> ACTION ITEM: Number of lines below with the word "image": state it and write nothing more.

===== RECORDS FOR THIS EXERCISE =====

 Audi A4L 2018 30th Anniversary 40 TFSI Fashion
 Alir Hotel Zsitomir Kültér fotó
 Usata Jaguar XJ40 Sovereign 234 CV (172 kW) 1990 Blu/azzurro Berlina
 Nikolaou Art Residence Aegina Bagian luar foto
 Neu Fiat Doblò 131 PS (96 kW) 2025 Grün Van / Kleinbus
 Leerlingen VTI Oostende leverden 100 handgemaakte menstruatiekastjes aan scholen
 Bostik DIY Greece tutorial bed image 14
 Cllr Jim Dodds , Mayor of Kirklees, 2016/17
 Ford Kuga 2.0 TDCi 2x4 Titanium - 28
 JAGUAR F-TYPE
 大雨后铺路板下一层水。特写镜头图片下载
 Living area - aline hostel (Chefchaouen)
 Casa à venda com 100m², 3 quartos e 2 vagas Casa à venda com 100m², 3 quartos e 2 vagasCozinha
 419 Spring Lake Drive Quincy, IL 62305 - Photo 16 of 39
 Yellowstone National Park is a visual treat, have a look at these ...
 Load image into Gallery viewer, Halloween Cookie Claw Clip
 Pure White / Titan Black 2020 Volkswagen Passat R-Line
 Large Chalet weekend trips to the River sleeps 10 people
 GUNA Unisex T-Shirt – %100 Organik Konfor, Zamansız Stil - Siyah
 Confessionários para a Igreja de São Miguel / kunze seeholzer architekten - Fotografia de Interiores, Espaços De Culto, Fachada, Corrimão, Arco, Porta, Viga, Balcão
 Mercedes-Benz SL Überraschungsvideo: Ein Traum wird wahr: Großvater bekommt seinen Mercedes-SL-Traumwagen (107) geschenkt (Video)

=====

> EXERCISE RESPONSE: 2